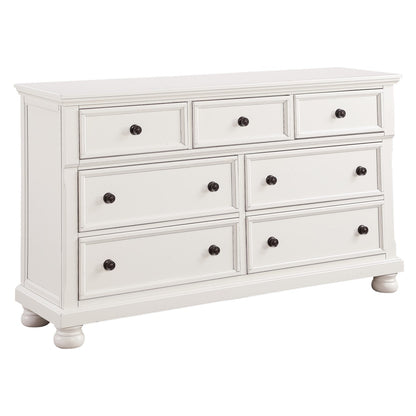 Laurelin Dresser, Hidden Drawer (1714W-5)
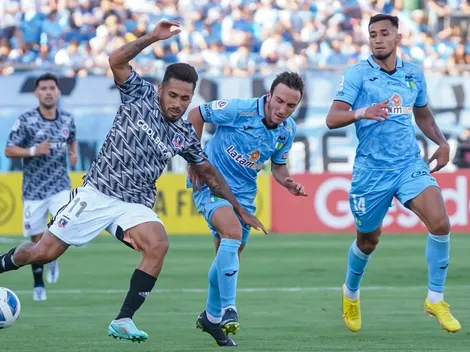 “El 5-1 fue un accidente y un llamado de atención para Colo Colo”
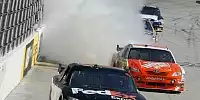 Bild zum Inhalt: Top 35: Logano und TRG in - Speed und Menard out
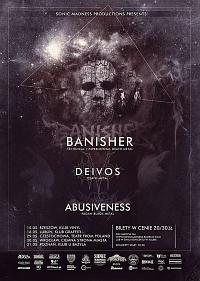 Plakat - Banisher, Abusiveness, Deivos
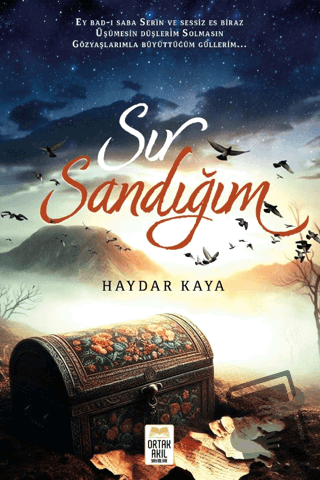 Sır Sandığım - Haydar Kaya - Ortak Akıl Yayınları - Fiyatı - Yorumları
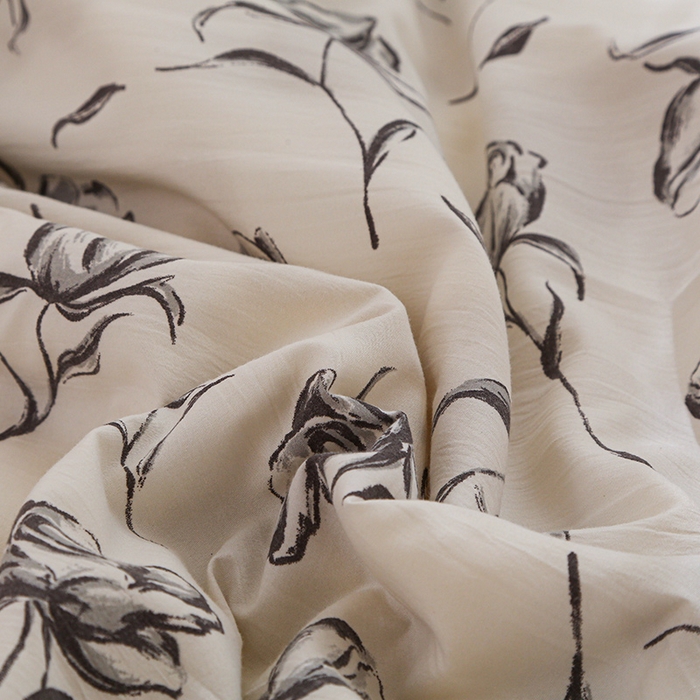 91家纺网 家纺一手货源 找家纺 薇玛仕 2026新款韩版宽边水洗棉大豆夏被赫本风亲肤柔软夏季薄被子 赫本-玫瑰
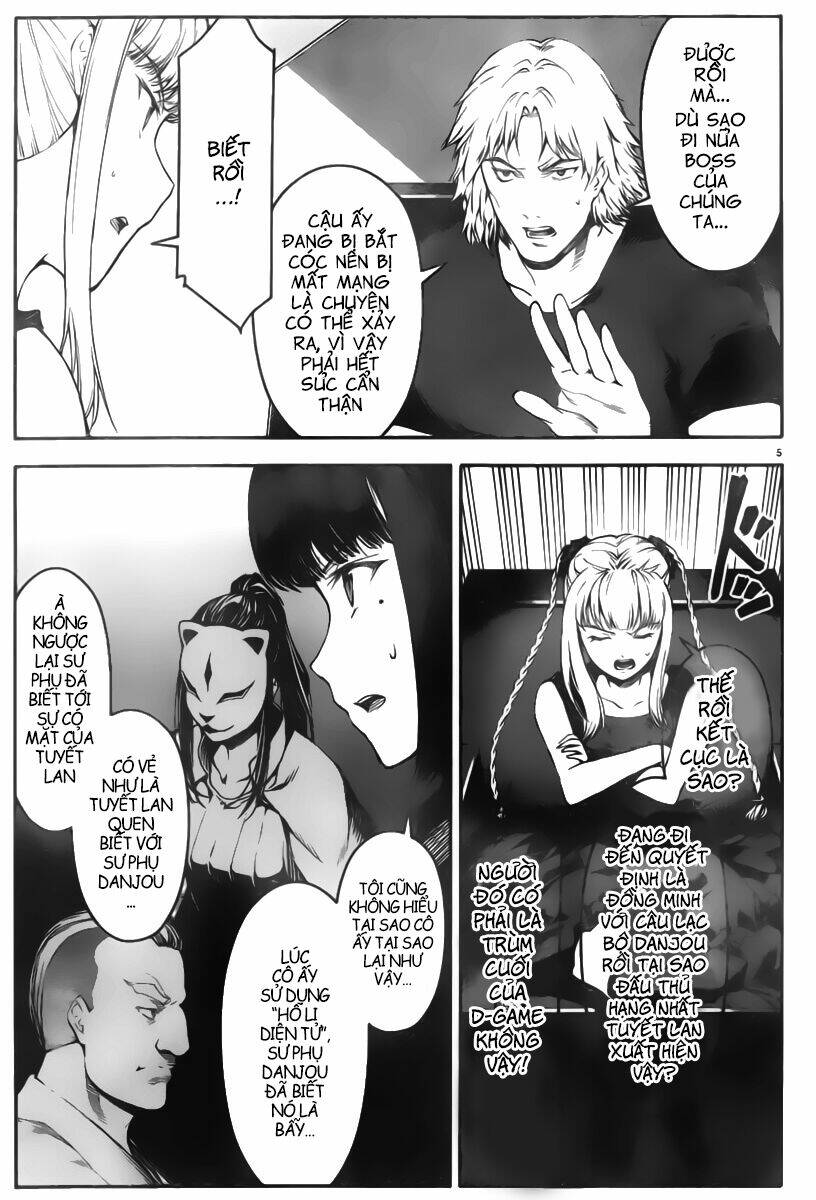 Darwins Game: Chapter 24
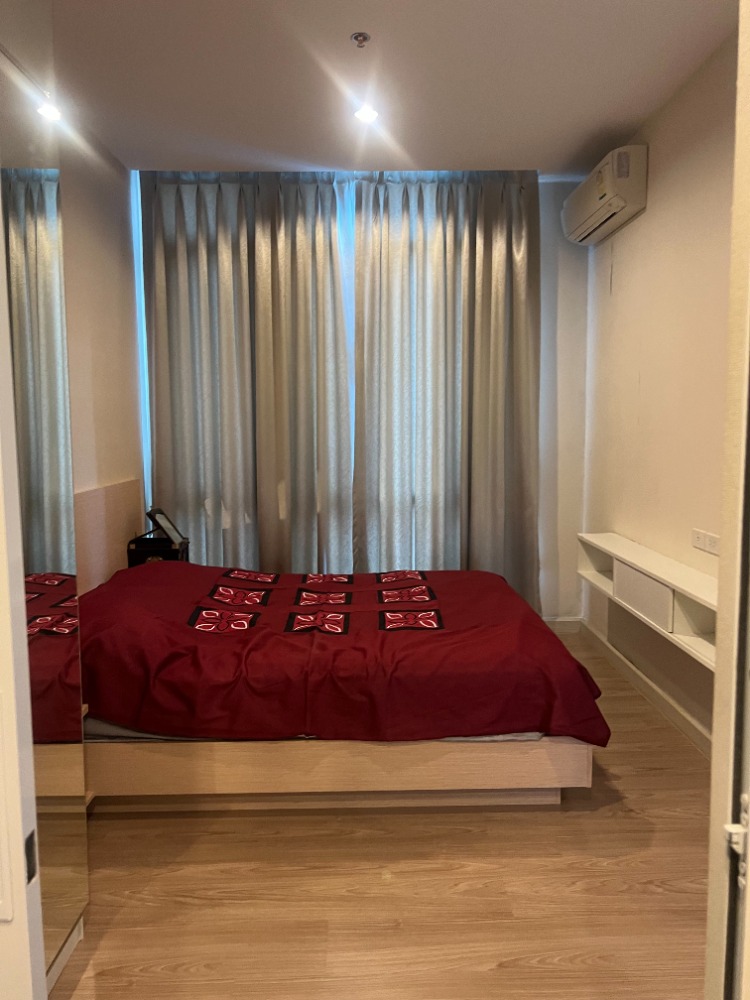 For SaleCondoRatchathewi,Phayathai : The Capital Ratchapraop - Vibha / 1 Bedroom (For Sale), The Capital Ratchapraraphi - Vipha / 1 Bedroom (Sale) Ployw566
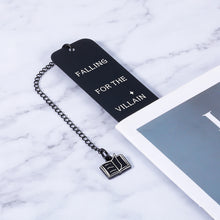Load image into Gallery viewer, Funny Bookmarks for Book Lovers Reading Gifts for Women Men Readers Teen Boys Gift Ideas Teen Girl Gifts for Valentines Day Christmas Birthday Graduation Gifts for Her Him Kids Son Daughter Friends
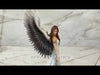 Spirit Guide Angel Statue Video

######

*Work task*: From the line containing "Sır Sandığım - Haydar" to the end of the data above, give those lines again verbatim, with both endpoints included and no images.

*Response*:
 Sır Sandığım - Haydar Kaya - Ortak Akıl Yayınları - Fiyatı - Yorumları
 91家纺网 家纺一手货源 找家纺 薇玛仕 2026新款韩版宽边水洗棉大豆夏被赫本风亲肤柔软夏季薄被子 赫本-玫瑰
 Darwins Game: Chapter 24
 For SaleCondoRatchathewi,Phayathai : The Capital Ratchapraop - Vibha / 1 Bedroom (For Sale), The Capital Ratchapraraphi - Vipha / 1 Bedroom (Sale) Ployw566
Load image into Gallery viewer, Funny Bookmarks for Book Lovers Reading Gifts for Women Men Readers Teen Boys Gift Ideas Teen Girl Gifts for Valentines Day Christmas Birthday Graduation Gifts for Her Him Kids Son Daughter Friends
 Spirit Guide Angel Statue Video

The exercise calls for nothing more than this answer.